(TASK BRIEF) The task calls for each record to be given again unchanged, minus any pictures.

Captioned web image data
__________

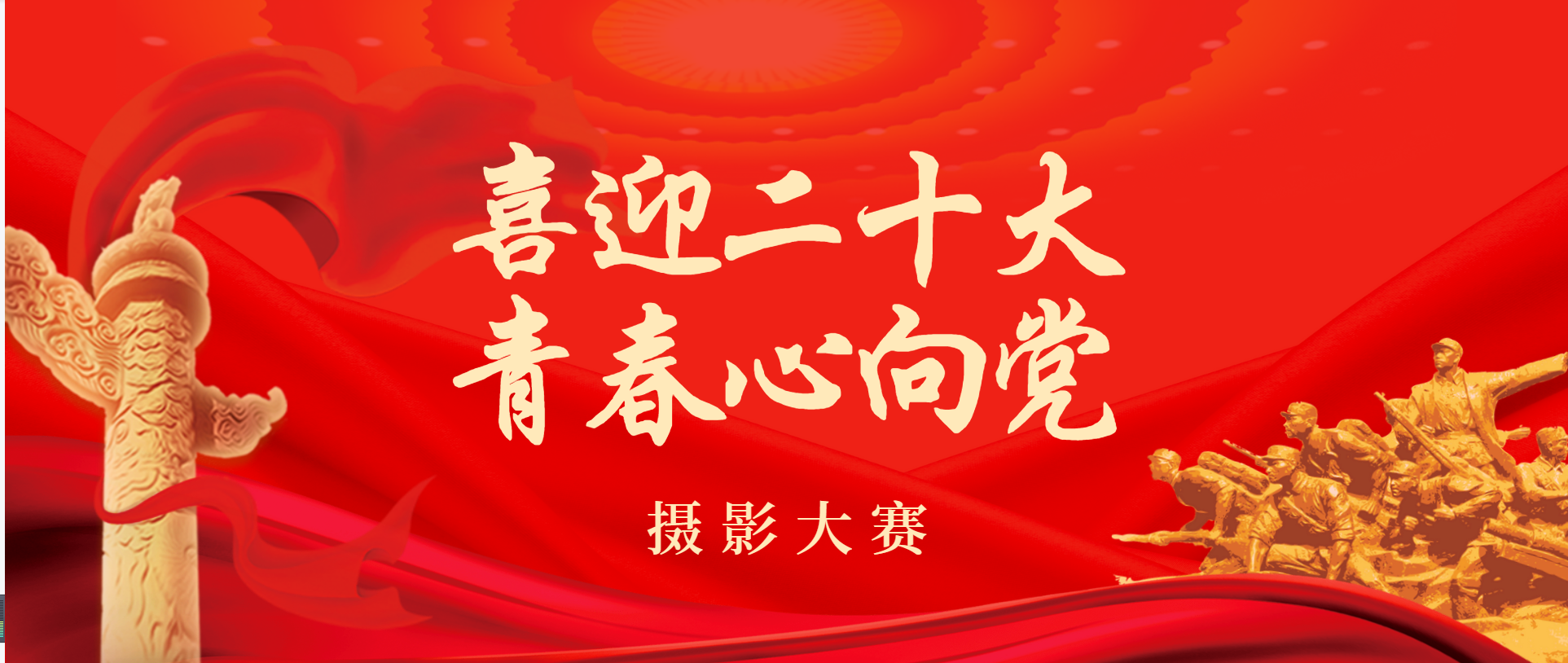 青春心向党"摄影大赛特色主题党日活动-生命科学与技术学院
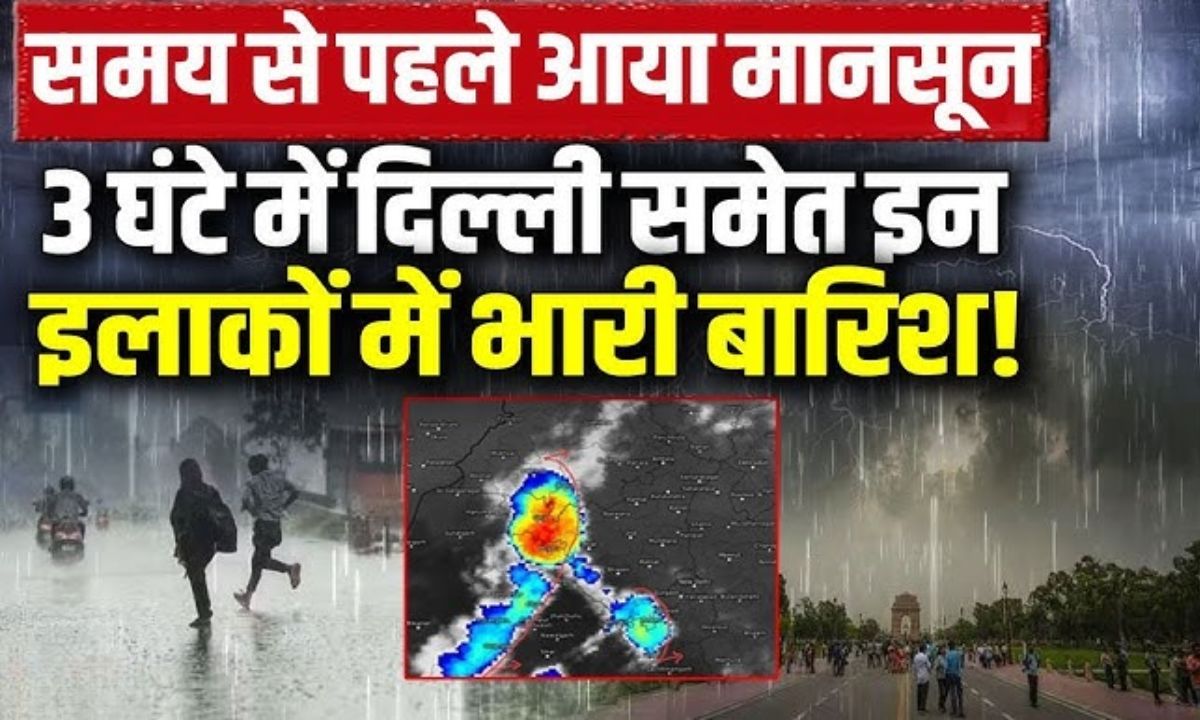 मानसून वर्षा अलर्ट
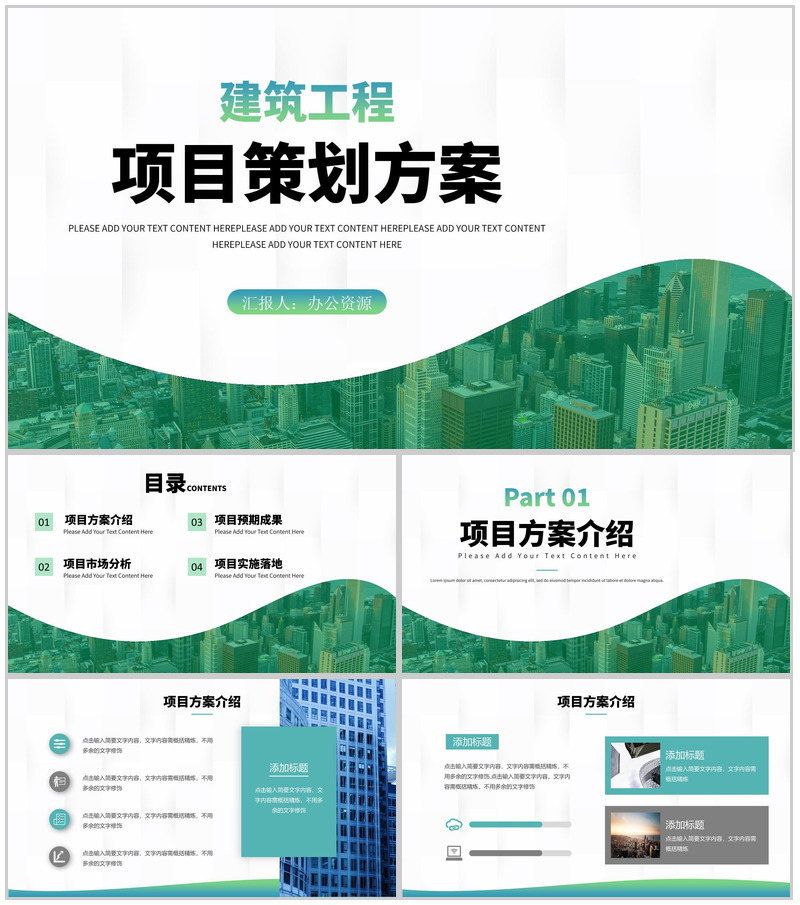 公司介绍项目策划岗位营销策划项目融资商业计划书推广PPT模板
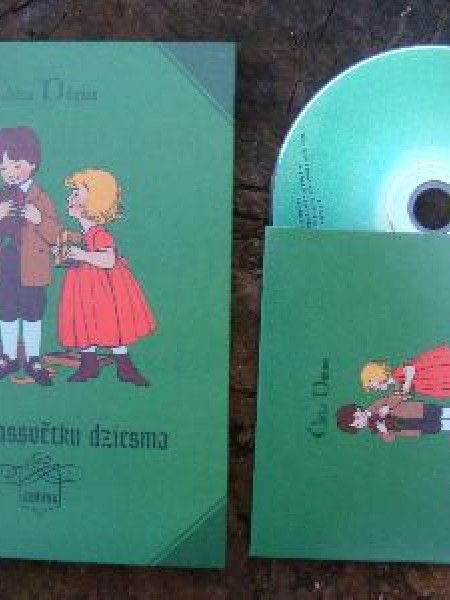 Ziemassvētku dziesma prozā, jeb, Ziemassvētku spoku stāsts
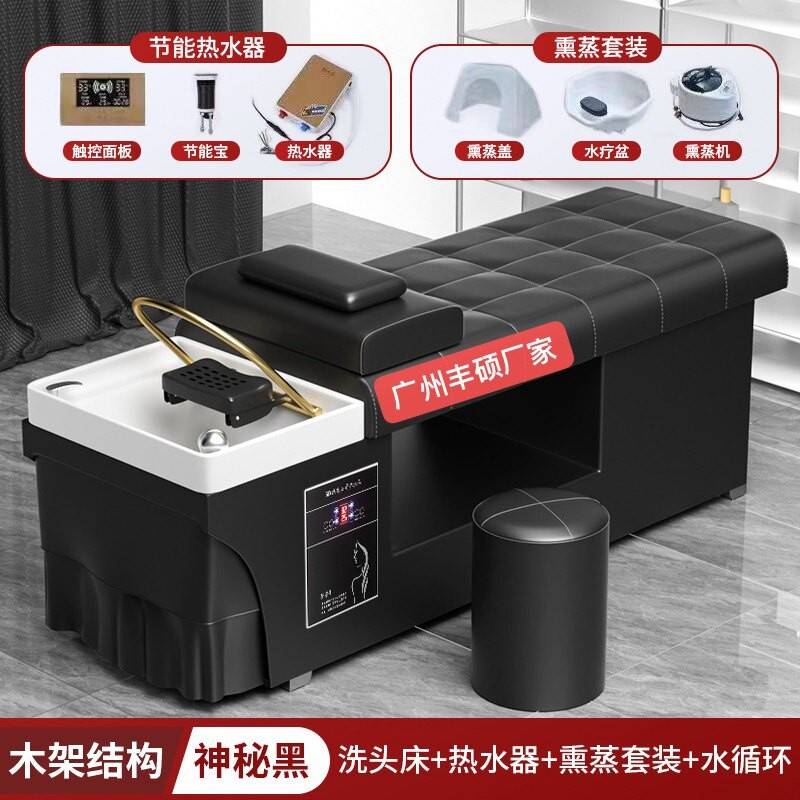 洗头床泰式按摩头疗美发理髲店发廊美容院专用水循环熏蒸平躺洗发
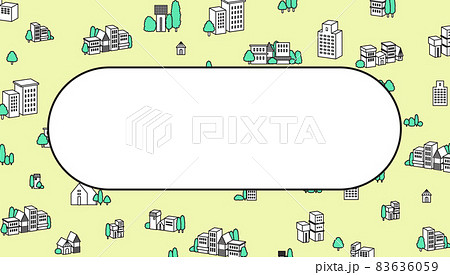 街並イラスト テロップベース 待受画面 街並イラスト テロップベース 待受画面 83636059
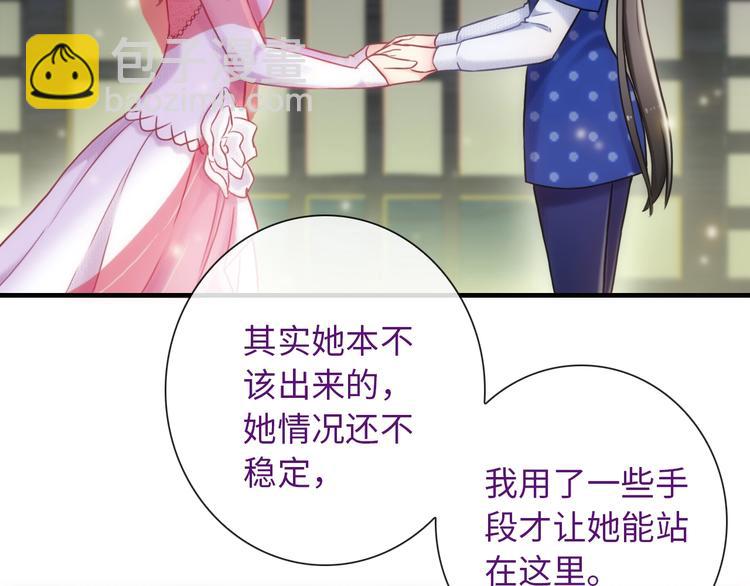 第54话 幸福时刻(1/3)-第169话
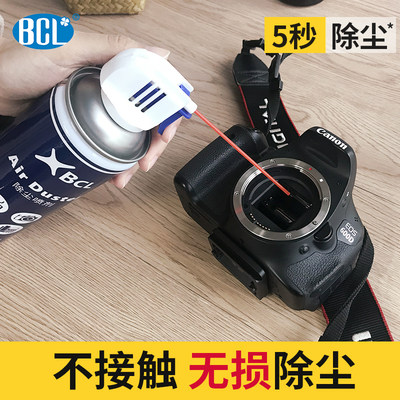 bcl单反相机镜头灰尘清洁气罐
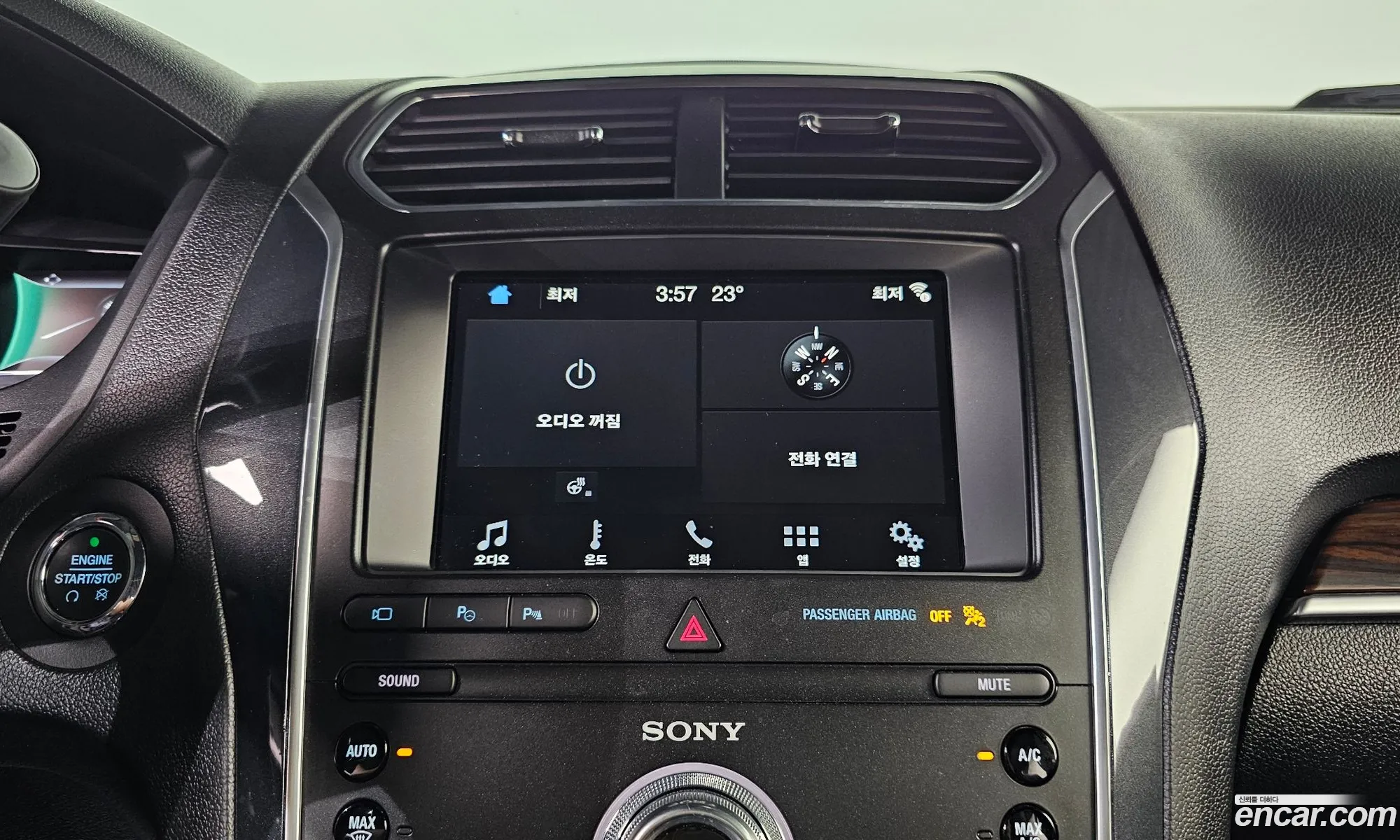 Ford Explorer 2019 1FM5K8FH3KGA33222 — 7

__________

(ANSWER TO THIS TASK)
 青春心向党"摄影大赛特色主题党日活动-生命科学与技术学院
 मानसून वर्षा अलर्ट
 公司介绍项目策划岗位营销策划项目融资商业计划书推广PPT模板
 Ziemassvētku dziesma prozā, jeb, Ziemassvētku spoku stāsts
 洗头床泰式按摩头疗美发理髲店发廊美容院专用水循环熏蒸平躺洗发
 街並イラスト テロップベース 待受画面 街並イラスト テロップベース 待受画面 83636059
 第54话 幸福时刻(1/3)-第169话
 bcl单反相机镜头灰尘清洁气罐
 Ford Explorer 2019 1FM5K8FH3KGA33222 — 7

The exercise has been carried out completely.